All of the entries should be written out again exactly.

▼

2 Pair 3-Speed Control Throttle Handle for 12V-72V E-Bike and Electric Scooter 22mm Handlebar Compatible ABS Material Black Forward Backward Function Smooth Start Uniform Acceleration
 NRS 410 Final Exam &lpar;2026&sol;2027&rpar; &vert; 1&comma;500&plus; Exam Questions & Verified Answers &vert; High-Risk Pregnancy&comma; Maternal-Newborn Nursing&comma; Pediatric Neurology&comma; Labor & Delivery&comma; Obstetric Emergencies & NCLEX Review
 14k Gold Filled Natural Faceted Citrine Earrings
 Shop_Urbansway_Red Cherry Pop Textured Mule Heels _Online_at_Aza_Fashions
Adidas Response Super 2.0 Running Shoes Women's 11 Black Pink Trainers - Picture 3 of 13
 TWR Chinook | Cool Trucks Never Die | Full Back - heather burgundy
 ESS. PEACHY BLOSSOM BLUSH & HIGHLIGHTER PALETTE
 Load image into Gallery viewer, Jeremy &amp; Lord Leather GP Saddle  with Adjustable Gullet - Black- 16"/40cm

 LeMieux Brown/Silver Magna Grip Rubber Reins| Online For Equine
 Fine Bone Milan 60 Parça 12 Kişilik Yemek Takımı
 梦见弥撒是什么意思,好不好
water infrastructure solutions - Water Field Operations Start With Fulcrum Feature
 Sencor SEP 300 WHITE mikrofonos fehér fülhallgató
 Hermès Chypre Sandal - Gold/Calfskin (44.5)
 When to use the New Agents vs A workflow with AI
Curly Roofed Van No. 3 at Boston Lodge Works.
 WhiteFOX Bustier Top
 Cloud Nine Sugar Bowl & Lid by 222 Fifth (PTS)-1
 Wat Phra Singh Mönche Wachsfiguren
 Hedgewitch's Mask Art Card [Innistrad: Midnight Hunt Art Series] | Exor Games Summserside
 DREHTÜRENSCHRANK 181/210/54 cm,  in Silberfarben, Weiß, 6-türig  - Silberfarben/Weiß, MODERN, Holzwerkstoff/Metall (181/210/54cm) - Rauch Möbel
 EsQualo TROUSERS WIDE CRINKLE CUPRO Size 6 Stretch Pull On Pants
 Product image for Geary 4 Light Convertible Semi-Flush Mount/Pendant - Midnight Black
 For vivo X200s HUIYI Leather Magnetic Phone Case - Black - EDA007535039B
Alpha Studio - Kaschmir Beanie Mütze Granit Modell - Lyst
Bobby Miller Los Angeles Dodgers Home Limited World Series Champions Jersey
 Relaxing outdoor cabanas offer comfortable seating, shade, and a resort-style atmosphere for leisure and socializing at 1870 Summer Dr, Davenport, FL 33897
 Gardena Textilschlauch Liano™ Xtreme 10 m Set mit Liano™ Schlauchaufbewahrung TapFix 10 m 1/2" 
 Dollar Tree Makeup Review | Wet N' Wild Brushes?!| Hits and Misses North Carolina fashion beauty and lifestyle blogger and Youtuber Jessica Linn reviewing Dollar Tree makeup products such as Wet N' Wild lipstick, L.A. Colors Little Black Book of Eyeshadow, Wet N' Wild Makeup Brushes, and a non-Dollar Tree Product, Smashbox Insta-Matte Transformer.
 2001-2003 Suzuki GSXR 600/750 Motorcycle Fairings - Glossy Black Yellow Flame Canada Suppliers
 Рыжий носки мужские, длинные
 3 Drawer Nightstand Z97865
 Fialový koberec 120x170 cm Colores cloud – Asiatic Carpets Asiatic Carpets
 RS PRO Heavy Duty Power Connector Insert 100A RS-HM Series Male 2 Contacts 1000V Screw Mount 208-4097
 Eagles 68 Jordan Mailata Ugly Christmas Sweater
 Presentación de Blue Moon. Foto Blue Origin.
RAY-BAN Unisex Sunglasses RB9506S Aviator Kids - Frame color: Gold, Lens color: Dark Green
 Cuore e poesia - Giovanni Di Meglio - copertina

▲

Result of this exercise>
2 Pair 3-Speed Control Throttle Handle for 12V-72V E-Bike and Electric Scooter 22mm Handlebar Compatible ABS Material Black Forward Backward Function Smooth Start Uniform Acceleration
 NRS 410 Final Exam &lpar;2026&sol;2027&rpar; &vert; 1&comma;500&plus; Exam Questions & Verified Answers &vert; High-Risk Pregnancy&comma; Maternal-Newborn Nursing&comma; Pediatric Neurology&comma; Labor & Delivery&comma; Obstetric Emergencies & NCLEX Review
 14k Gold Filled Natural Faceted Citrine Earrings
 Shop_Urbansway_Red Cherry Pop Textured Mule Heels _Online_at_Aza_Fashions
Adidas Response Super 2.0 Running Shoes Women's 11 Black Pink Trainers - Picture 3 of 13
 TWR Chinook | Cool Trucks Never Die | Full Back - heather burgundy
 ESS. PEACHY BLOSSOM BLUSH & HIGHLIGHTER PALETTE
 Load image into Gallery viewer, Jeremy &amp; Lord Leather GP Saddle  with Adjustable Gullet - Black- 16"/40cm

 LeMieux Brown/Silver Magna Grip Rubber Reins| Online For Equine
 Fine Bone Milan 60 Parça 12 Kişilik Yemek Takımı
 梦见弥撒是什么意思,好不好
water infrastructure solutions - Water Field Operations Start With Fulcrum Feature
 Sencor SEP 300 WHITE mikrofonos fehér fülhallgató
 Hermès Chypre Sandal - Gold/Calfskin (44.5)
 When to use the New Agents vs A workflow with AI
Curly Roofed Van No. 3 at Boston Lodge Works.
 WhiteFOX Bustier Top
 Cloud Nine Sugar Bowl & Lid by 222 Fifth (PTS)-1
 Wat Phra Singh Mönche Wachsfiguren
 Hedgewitch's Mask Art Card [Innistrad: Midnight Hunt Art Series] | Exor Games Summserside
 DREHTÜRENSCHRANK 181/210/54 cm,  in Silberfarben, Weiß, 6-türig  - Silberfarben/Weiß, MODERN, Holzwerkstoff/Metall (181/210/54cm) - Rauch Möbel
 EsQualo TROUSERS WIDE CRINKLE CUPRO Size 6 Stretch Pull On Pants
 Product image for Geary 4 Light Convertible Semi-Flush Mount/Pendant - Midnight Black
 For vivo X200s HUIYI Leather Magnetic Phone Case - Black - EDA007535039B
Alpha Studio - Kaschmir Beanie Mütze Granit Modell - Lyst
Bobby Miller Los Angeles Dodgers Home Limited World Series Champions Jersey
 Relaxing outdoor cabanas offer comfortable seating, shade, and a resort-style atmosphere for leisure and socializing at 1870 Summer Dr, Davenport, FL 33897
 Gardena Textilschlauch Liano™ Xtreme 10 m Set mit Liano™ Schlauchaufbewahrung TapFix 10 m 1/2" 
 Dollar Tree Makeup Review | Wet N' Wild Brushes?!| Hits and Misses North Carolina fashion beauty and lifestyle blogger and Youtuber Jessica Linn reviewing Dollar Tree makeup products such as Wet N' Wild lipstick, L.A. Colors Little Black Book of Eyeshadow, Wet N' Wild Makeup Brushes, and a non-Dollar Tree Product, Smashbox Insta-Matte Transformer.
 2001-2003 Suzuki GSXR 600/750 Motorcycle Fairings - Glossy Black Yellow Flame Canada Suppliers
 Рыжий носки мужские, длинные
 3 Drawer Nightstand Z97865
 Fialový koberec 120x170 cm Colores cloud – Asiatic Carpets Asiatic Carpets
 RS PRO Heavy Duty Power Connector Insert 100A RS-HM Series Male 2 Contacts 1000V Screw Mount 208-4097
 Eagles 68 Jordan Mailata Ugly Christmas Sweater
 Presentación de Blue Moon. Foto Blue Origin.
RAY-BAN Unisex Sunglasses RB9506S Aviator Kids - Frame color: Gold, Lens color: Dark Green
 Cuore e poesia - Giovanni Di Meglio - copertina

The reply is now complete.